Segment Start: Listed records

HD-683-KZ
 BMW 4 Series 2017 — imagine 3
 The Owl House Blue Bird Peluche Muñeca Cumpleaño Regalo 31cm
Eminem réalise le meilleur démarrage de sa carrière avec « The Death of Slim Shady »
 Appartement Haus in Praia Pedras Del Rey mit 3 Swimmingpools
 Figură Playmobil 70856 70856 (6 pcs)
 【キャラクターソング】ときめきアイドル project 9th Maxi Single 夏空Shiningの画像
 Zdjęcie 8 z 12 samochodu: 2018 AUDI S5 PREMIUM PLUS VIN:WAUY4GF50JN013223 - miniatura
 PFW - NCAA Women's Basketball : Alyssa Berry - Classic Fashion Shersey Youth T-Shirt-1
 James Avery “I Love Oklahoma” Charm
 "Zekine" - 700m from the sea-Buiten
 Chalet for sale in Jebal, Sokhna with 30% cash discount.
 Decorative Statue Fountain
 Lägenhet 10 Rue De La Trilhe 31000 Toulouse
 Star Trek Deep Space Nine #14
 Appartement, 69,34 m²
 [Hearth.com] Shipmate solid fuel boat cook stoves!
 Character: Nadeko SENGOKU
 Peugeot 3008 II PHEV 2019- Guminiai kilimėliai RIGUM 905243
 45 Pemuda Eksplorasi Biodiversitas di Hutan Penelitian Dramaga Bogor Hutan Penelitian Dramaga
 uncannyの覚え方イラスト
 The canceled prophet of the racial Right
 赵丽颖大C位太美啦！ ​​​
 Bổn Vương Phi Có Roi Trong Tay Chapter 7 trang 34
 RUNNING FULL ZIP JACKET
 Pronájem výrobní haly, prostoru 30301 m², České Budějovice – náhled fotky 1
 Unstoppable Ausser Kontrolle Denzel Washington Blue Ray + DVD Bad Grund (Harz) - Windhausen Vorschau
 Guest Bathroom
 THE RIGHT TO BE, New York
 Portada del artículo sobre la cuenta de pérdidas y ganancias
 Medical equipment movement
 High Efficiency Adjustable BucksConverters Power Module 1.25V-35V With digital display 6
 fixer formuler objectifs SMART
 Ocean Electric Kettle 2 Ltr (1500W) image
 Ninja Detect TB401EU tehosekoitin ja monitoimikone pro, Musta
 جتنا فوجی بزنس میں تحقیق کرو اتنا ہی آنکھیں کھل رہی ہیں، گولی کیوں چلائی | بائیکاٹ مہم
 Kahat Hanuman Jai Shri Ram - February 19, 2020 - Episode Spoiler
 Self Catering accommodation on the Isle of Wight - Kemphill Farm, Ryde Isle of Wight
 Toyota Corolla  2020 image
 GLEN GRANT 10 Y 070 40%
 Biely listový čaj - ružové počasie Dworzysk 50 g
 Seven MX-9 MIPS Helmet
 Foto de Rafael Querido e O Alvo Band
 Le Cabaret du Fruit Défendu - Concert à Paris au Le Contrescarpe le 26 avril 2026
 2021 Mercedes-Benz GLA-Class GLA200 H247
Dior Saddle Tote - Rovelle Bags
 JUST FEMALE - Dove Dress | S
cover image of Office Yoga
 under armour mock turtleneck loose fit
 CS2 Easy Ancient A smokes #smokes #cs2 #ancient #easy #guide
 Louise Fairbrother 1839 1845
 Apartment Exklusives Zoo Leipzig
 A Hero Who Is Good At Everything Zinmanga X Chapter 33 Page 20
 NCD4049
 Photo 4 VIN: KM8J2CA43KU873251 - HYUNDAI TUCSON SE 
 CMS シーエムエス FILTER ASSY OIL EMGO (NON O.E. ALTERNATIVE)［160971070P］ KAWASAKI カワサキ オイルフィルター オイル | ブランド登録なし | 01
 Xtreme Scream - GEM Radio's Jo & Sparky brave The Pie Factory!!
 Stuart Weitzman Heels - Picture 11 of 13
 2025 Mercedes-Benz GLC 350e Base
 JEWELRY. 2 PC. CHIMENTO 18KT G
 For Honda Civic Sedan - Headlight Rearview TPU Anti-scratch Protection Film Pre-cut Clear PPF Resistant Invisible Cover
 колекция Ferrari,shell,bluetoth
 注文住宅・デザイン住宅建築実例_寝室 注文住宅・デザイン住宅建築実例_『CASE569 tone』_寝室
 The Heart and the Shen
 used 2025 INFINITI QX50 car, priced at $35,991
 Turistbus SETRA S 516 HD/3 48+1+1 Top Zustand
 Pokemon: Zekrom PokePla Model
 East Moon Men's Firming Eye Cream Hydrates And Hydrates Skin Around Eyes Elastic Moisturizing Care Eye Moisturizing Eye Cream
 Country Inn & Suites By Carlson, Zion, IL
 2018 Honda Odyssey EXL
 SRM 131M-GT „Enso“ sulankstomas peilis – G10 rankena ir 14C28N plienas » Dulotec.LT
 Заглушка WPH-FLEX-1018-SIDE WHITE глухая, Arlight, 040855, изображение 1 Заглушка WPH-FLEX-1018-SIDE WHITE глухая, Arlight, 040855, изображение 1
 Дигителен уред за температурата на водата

Segment End: Listed records

● **What is being asked**: A complete and exact repetition of the entries is required.

● **Solution to the problem**:
HD-683-KZ
 BMW 4 Series 2017 — imagine 3
 The Owl House Blue Bird Peluche Muñeca Cumpleaño Regalo 31cm
Eminem réalise le meilleur démarrage de sa carrière avec « The Death of Slim Shady »
 Appartement Haus in Praia Pedras Del Rey mit 3 Swimmingpools
 Figură Playmobil 70856 70856 (6 pcs)
 【キャラクターソング】ときめきアイドル project 9th Maxi Single 夏空Shiningの画像
 Zdjęcie 8 z 12 samochodu: 2018 AUDI S5 PREMIUM PLUS VIN:WAUY4GF50JN013223 - miniatura
 PFW - NCAA Women's Basketball : Alyssa Berry - Classic Fashion Shersey Youth T-Shirt-1
 James Avery “I Love Oklahoma” Charm
 "Zekine" - 700m from the sea-Buiten
 Chalet for sale in Jebal, Sokhna with 30% cash discount.
 Decorative Statue Fountain
 Lägenhet 10 Rue De La Trilhe 31000 Toulouse
 Star Trek Deep Space Nine #14
 Appartement, 69,34 m²
 [Hearth.com] Shipmate solid fuel boat cook stoves!
 Character: Nadeko SENGOKU
 Peugeot 3008 II PHEV 2019- Guminiai kilimėliai RIGUM 905243
 45 Pemuda Eksplorasi Biodiversitas di Hutan Penelitian Dramaga Bogor Hutan Penelitian Dramaga
 uncannyの覚え方イラスト
 The canceled prophet of the racial Right
 赵丽颖大C位太美啦！ ​​​
 Bổn Vương Phi Có Roi Trong Tay Chapter 7 trang 34
 RUNNING FULL ZIP JACKET
 Pronájem výrobní haly, prostoru 30301 m², České Budějovice – náhled fotky 1
 Unstoppable Ausser Kontrolle Denzel Washington Blue Ray + DVD Bad Grund (Harz) - Windhausen Vorschau
 Guest Bathroom
 THE RIGHT TO BE, New York
 Portada del artículo sobre la cuenta de pérdidas y ganancias
 Medical equipment movement
 High Efficiency Adjustable BucksConverters Power Module 1.25V-35V With digital display 6
 fixer formuler objectifs SMART
 Ocean Electric Kettle 2 Ltr (1500W) image
 Ninja Detect TB401EU tehosekoitin ja monitoimikone pro, Musta
 جتنا فوجی بزنس میں تحقیق کرو اتنا ہی آنکھیں کھل رہی ہیں، گولی کیوں چلائی | بائیکاٹ مہم
 Kahat Hanuman Jai Shri Ram - February 19, 2020 - Episode Spoiler
 Self Catering accommodation on the Isle of Wight - Kemphill Farm, Ryde Isle of Wight
 Toyota Corolla  2020 image
 GLEN GRANT 10 Y 070 40%
 Biely listový čaj - ružové počasie Dworzysk 50 g
 Seven MX-9 MIPS Helmet
 Foto de Rafael Querido e O Alvo Band
 Le Cabaret du Fruit Défendu - Concert à Paris au Le Contrescarpe le 26 avril 2026
 2021 Mercedes-Benz GLA-Class GLA200 H247
Dior Saddle Tote - Rovelle Bags
 JUST FEMALE - Dove Dress | S
cover image of Office Yoga
 under armour mock turtleneck loose fit
 CS2 Easy Ancient A smokes #smokes #cs2 #ancient #easy #guide
 Louise Fairbrother 1839 1845
 Apartment Exklusives Zoo Leipzig
 A Hero Who Is Good At Everything Zinmanga X Chapter 33 Page 20
 NCD4049
 Photo 4 VIN: KM8J2CA43KU873251 - HYUNDAI TUCSON SE 
 CMS シーエムエス FILTER ASSY OIL EMGO (NON O.E. ALTERNATIVE)［160971070P］ KAWASAKI カワサキ オイルフィルター オイル | ブランド登録なし | 01
 Xtreme Scream - GEM Radio's Jo & Sparky brave The Pie Factory!!
 Stuart Weitzman Heels - Picture 11 of 13
 2025 Mercedes-Benz GLC 350e Base
 JEWELRY. 2 PC. CHIMENTO 18KT G
 For Honda Civic Sedan - Headlight Rearview TPU Anti-scratch Protection Film Pre-cut Clear PPF Resistant Invisible Cover
 колекция Ferrari,shell,bluetoth
 注文住宅・デザイン住宅建築実例_寝室 注文住宅・デザイン住宅建築実例_『CASE569 tone』_寝室
 The Heart and the Shen
 used 2025 INFINITI QX50 car, priced at $35,991
 Turistbus SETRA S 516 HD/3 48+1+1 Top Zustand
 Pokemon: Zekrom PokePla Model
 East Moon Men's Firming Eye Cream Hydrates And Hydrates Skin Around Eyes Elastic Moisturizing Care Eye Moisturizing Eye Cream
 Country Inn & Suites By Carlson, Zion, IL
 2018 Honda Odyssey EXL
 SRM 131M-GT „Enso“ sulankstomas peilis – G10 rankena ir 14C28N plienas » Dulotec.LT
 Заглушка WPH-FLEX-1018-SIDE WHITE глухая, Arlight, 040855, изображение 1 Заглушка WPH-FLEX-1018-SIDE WHITE глухая, Arlight, 040855, изображение 1
 Дигителен уред за температурата на водата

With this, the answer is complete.